I stayed in Trinity College. We didn't have wi-fi in the dorm rooms
like last year, only in the common room; but actually it was just as
well to have a good reason to hang out in the common room and talk to
people. The bathrooms were co-ed, but the doors closed so there was
enough privacy.
But the weirdest thing about Trinity was the corridor
and outside doors. Every corridor had doors at both ends, usually
locked doors that required a card key from one direction, and the push
of a button from the other direction. Sometimes an alarm went off
if you didn't wait quite long enough between pressing the button and
opening the door (fortunately, pressing the button again cancelled the
alarm). It was very strange to walk down the building corridor
continually pushing buttons and then carding back in; I have to
wonder whether the high security was worth it. The outside gates
were worse: to get out to the street you need a card key, there's
no button press allowed. (Fortunately on the weekend most of us
checked out, they left one of the outer gates open so we could
leave even after we'd returned the card key.)
There were tons of Asus Eees around. Turns out other Linux geeks find
that little laptop just as interesting as I did! Everybody seems quite
happy with them, and I mostly saw them being used as real laptops ...

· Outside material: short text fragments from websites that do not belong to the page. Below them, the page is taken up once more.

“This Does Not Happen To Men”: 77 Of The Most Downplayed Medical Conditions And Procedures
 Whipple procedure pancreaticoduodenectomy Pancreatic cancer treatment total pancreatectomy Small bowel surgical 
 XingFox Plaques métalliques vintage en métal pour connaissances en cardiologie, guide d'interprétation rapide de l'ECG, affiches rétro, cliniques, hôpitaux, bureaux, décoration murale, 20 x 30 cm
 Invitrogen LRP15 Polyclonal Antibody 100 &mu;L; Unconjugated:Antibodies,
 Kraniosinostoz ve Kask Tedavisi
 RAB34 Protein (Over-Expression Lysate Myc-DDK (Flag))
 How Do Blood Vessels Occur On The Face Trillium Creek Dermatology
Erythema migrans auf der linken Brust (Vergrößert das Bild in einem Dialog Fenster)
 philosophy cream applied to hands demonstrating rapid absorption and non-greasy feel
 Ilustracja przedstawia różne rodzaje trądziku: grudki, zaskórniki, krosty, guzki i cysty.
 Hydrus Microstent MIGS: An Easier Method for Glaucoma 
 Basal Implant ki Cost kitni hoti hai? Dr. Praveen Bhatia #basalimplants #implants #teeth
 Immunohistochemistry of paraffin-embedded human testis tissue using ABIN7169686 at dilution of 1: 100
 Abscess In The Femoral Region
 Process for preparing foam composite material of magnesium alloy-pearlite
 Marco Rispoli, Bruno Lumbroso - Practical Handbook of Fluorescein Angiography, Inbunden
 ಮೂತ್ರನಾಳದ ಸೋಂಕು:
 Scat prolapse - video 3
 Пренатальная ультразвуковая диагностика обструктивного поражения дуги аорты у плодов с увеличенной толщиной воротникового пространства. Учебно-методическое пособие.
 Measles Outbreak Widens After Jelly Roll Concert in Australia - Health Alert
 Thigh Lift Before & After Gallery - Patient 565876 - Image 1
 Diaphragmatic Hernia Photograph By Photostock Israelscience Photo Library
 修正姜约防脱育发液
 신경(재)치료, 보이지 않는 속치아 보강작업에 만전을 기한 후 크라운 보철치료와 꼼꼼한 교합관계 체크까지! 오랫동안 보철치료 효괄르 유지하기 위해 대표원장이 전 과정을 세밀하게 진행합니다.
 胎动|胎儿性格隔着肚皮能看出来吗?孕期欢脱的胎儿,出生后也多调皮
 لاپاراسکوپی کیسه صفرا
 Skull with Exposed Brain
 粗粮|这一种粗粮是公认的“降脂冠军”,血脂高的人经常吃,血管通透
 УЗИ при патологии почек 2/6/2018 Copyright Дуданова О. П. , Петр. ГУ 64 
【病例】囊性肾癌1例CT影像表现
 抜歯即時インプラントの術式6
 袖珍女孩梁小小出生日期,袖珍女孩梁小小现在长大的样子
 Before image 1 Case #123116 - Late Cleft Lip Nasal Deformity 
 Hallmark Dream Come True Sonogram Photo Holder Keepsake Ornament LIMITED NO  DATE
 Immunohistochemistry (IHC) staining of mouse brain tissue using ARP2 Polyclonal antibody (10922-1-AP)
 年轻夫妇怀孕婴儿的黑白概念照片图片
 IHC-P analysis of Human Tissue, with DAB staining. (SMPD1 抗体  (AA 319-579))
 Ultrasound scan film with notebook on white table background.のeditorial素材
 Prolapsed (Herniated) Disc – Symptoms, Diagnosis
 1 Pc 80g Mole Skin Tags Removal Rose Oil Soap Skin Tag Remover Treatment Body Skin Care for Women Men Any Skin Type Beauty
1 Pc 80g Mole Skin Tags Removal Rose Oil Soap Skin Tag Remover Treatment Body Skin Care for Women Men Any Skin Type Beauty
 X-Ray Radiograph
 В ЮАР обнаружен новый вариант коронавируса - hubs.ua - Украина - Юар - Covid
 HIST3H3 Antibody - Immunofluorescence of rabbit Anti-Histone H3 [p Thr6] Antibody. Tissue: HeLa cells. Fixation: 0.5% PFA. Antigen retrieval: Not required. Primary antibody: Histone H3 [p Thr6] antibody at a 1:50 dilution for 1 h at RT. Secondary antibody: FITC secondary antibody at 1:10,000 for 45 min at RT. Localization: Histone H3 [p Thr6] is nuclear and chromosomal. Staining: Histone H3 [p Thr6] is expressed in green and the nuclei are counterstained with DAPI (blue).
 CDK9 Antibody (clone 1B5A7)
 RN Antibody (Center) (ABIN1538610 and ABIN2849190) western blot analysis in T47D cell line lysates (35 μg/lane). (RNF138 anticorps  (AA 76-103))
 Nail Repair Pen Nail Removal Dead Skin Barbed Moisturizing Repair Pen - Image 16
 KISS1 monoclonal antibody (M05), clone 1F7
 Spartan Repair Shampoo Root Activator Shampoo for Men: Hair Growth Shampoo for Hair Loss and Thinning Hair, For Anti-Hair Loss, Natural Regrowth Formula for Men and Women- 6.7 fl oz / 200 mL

in contrast to the many OLPCs, which were numerous but mostly being
used as toys to network with other OLPCs. I saw more and more of them
as the week progressed -- turns out a lot of people were heading over
to a nearby computer store to buy one, either because of hardware
problems with their normal laptop, or just for a toy.
(In contrast, here at the first day of SCALE I haven't seen a single
Eee yet, nor any other small laptops besides my own Vaio.)
I talked to someone who'd tried one with a projector, one of my main
concerns with the very low resolution Eee. He said it drove the
projector just fine ... but only at the Eee's native resolution
of 800x480. Hard to imagine giving a GIMP talk (or, indeed, any
sort of technical talk) like that. Bummer!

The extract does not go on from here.